Ukrainian officials, in particular the Ministry of Foreign Affairs Mr Dmytro Kuleba, declared that this act is a violation of Ukraine’s sovereignty and an interference in the State’s own domestic affairs. The Ukrainian authorities clarified that all the passports issued in Ukraine under the provisions will be considered null and void and therefore they will have no legal value in the country, thus not producing legal effects. Such a behaviour would be perfectly legal under international law, in particular for what concerns those Ukrainian citizens living in the non-occupied territories of Ukraine, and it appears consistent with the prohibition of arbitrary decisions in preventing owns citizens to acquire a second nationality.  The Ukrainian vice-PM Ms Iryna Vereščuk went beyond Mr Kuleba’s stance and hinted that a bill to make the application to the Russian citizenship under the fast-track procedure a criminal offence under the Ukrainian criminal code.

On the other hand, passports issued under the fast-track procedure will be perfectly valid according to the law of the Russian Federation and will grant the holders the same rights granted to the citizens of the Russian Federation.

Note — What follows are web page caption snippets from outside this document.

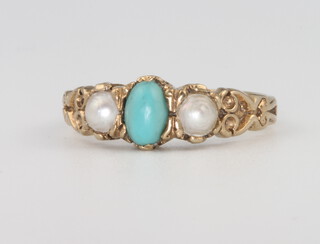 A 9ct yellow gold turquoise and seed pearl ring 2.4 grams, size P 1/2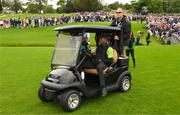 4 July 2022; Tiger Woods of USA sits in his golf buggy during day one of the JP McManus Pro-Am at Adare Manor Golf Club in Adare, Limerick. Photo by Ramsey Cardy/Sportsfile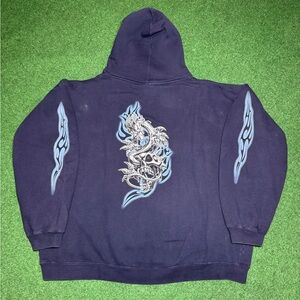 90s Y2K Bullhead JNCO style hoodie sweatshirt metallic dragon skater XL grunge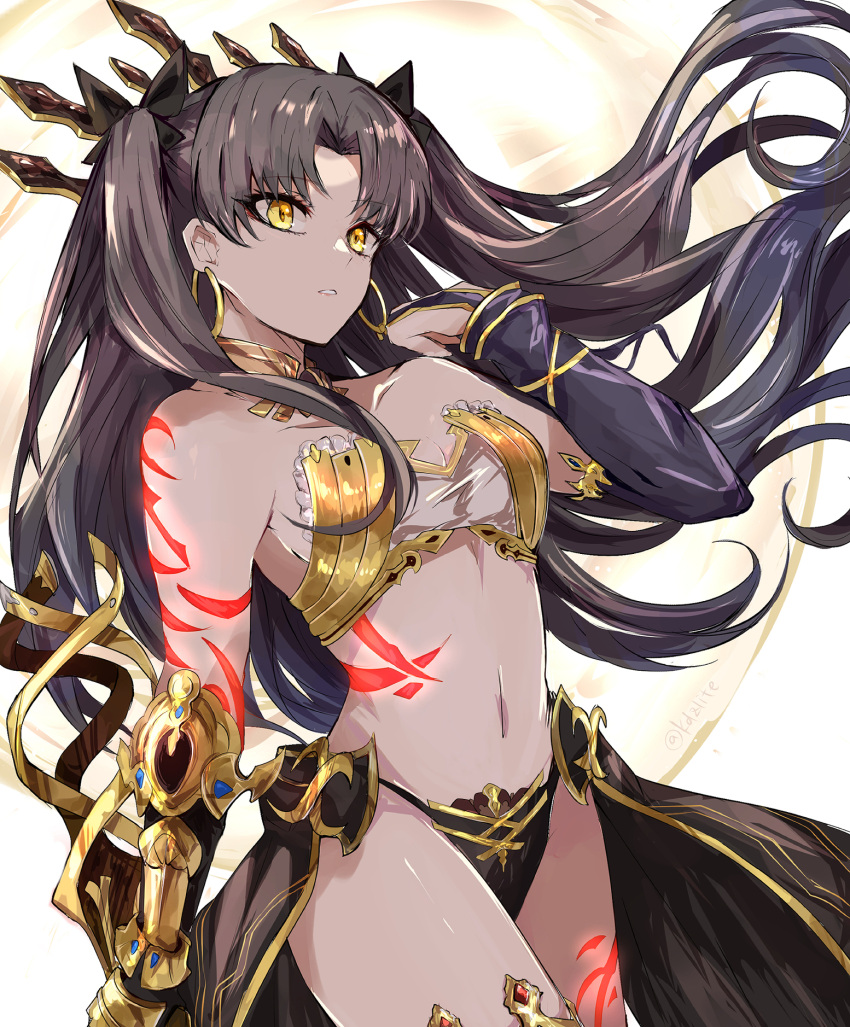 1girl bikini black_hair black_sleeves breasts commentary_request detached_sleeves earrings fate/grand_order fate_(series) floating_hair glowing_tattoo gold_trim highres hoop_earrings ishtar_(fate) jewelry long_hair looking_away mismatched_bikini navel parted_bangs small_breasts sodamachi solo stomach swimsuit tattoo two_side_up very_long_hair yellow_eyes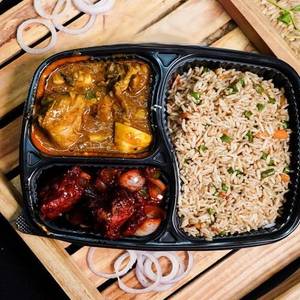 Veg Fried Rice With Chicken Curry And Chicken Dry Fry
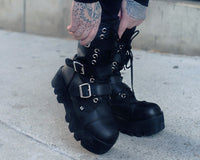 A9801 Black 12-Eye 3-Strap Dino Boot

Citizenship and Passport Practice in Post-Soviet Disputed Areas

Granting Russian citizenship and passports (as well as passports of the other involved States) to people from unrecognised, self-proclaimed independent post-Soviet entities is a common practice, and represents the easiest way for Transnistrian, Abkhazian, South-Ossetian and Nagorno-Karabakhian citizens to travel and work abroad. In said cases, although controversial and possibly illegal under international law (as part of a wider interference activity), citizenship is granted exclusively to those who reside in the disputed areas and might therefore be de facto deprived of any recognised citizenship. What is different this time is that Russian citizenship will be granted to all the applicants who are citizens of a sovereign State, regardless of the fact they reside in the areas under Russian military occupation. This marks a huge difference with the previous examples given the escalation of the war in Ukraine, as explained below. Russian citizenship has been granted to the residents of the self-proclaimed Doneck People’s Republic (DNR) and Luhansk People’s Republic (LNR) since 2019 (in Russian here and here). Said provisions have been extended on 4 May 2022 to the residents of the newly occupied parts of the DNR and LNR. A further extension happened on 25 May 2022 when the residents of the seized areas of Zaporizhizhia and Kherson (not claimed either by the DNR or the LNR) were included among the beneficiaries of the fast-track citizenship procedure. It remains unclear how Ukrainian citizens living outside the occupied areas will be able to apply, since the application is to be filled at the local office of the Russian Ministry of Internal Affairs. According to a statement issued by the Russian Ministry of Internal Affairs, said offices are increasing in number and are established in the areas under military occupation.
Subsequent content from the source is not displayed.